Wieloletnie ramy finansowe i fundusz naprawczy są nierozłączne politycznie i technicznie. Bez szybkiego ogólnego porozumienia między Radą a Parlamentem Europejskim w sprawie wieloletnich ram finansowych grozi nam również opóźnienie funduszu odbudowy. Czas nagli, Europa musi dotrzymać słowa, aby jak najszybciej wspierać ludzi i regiony szczególnie dotknięte kryzysem koronawirusa
— zaznaczył.
Ambasador dodał, że jest bardzo zaniepokojony tym, iż negocjacje postępują obecnie zbyt wolno.
Musimy znacznie przyspieszyć tempo negocjacji. Zaproponowaliśmy Parlamentowi Europejskiemu negocjacje również w weekendy
— poinformował.
Co z praworządnością?
W kwestii mechanizmu praworządności - jak wskazał Clauss - prezydencja niemiecka prowadzi intensywne rozmowy z państwami członkowskimi UE.

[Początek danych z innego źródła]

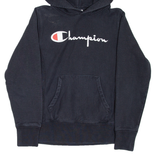 CHAMPION REVERSE WEAVE Womens Black Hoodie XS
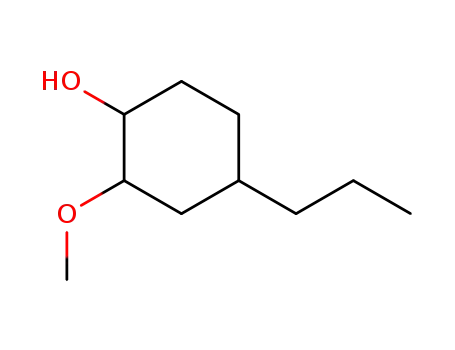 Molecular Structure of 23950-98-3 (2-methoxy-4-propylcyclohexan-1-ol)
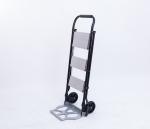 3 Steps Multifunctional Folding Ladder Trolley with Two Wheels
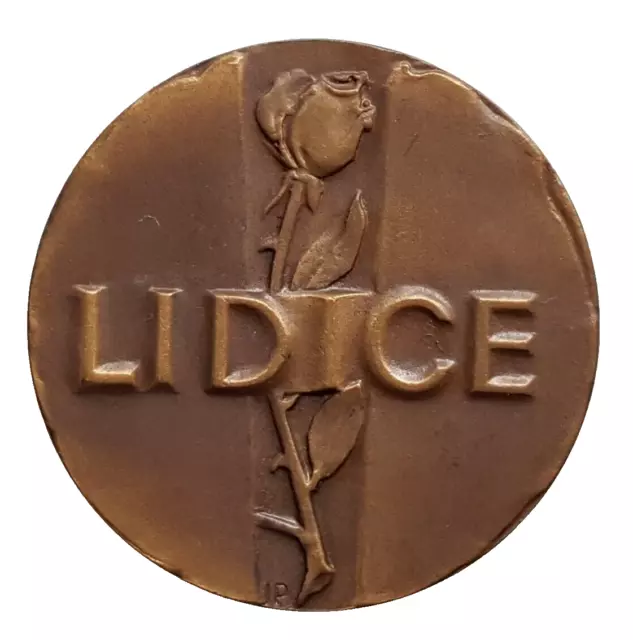 Czech Republic Bronze Medal  Lidice 1942-1967, 38 MM, 26 GRAMS 2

Negocjacje są niezwykle skomplikowane. Jednak prezydencja niemiecka w Radzie wkrótce przedstawi propozycję do przyjęcia przez Radę. Nasza propozycja będzie ściśle związana z decyzją Rady Europejskiej. Ale jest również jasne, że mechanizm praworządności w budżecie UE nie może być procedurą, która określa w inny sposób to, co jest w art. 7. Celem jest ochrona budżetu UE i po raz pierwszy ukaranie naruszeń praworządności przy korzystaniu ze środków budżetowych
— wskazał ambasador.
Aby posunąć negocjacje do przodu, już okazaliśmy gotowość do kompromisu. W kwestii nowych zasobów własnych jesteśmy już blisko w negocjacjach. Rada jest w 100 proc. zobowiązana decyzjami Rady Europejskiej i oczekuje odpowiednich propozycji ze strony Komisji Europejskiej. Jednocześnie wszyscy rozumiemy, że nie możemy ograniczać suwerenności budżetowej i fiskalnej parlamentów narodowych
— podsumował Clauss.
Niemiecka prezydencja przedstawi do końca września projekt w sprawie ochrony unijnego budżetu przed różnego typu zagrożeniami, w tym dotyczącymi praworządności - podały wcześniej źródła unijne. Propozycja ma ściśle trzymać się ustaleń szczytu UE, tak by mogły ją poprzeć Polska i Węgry.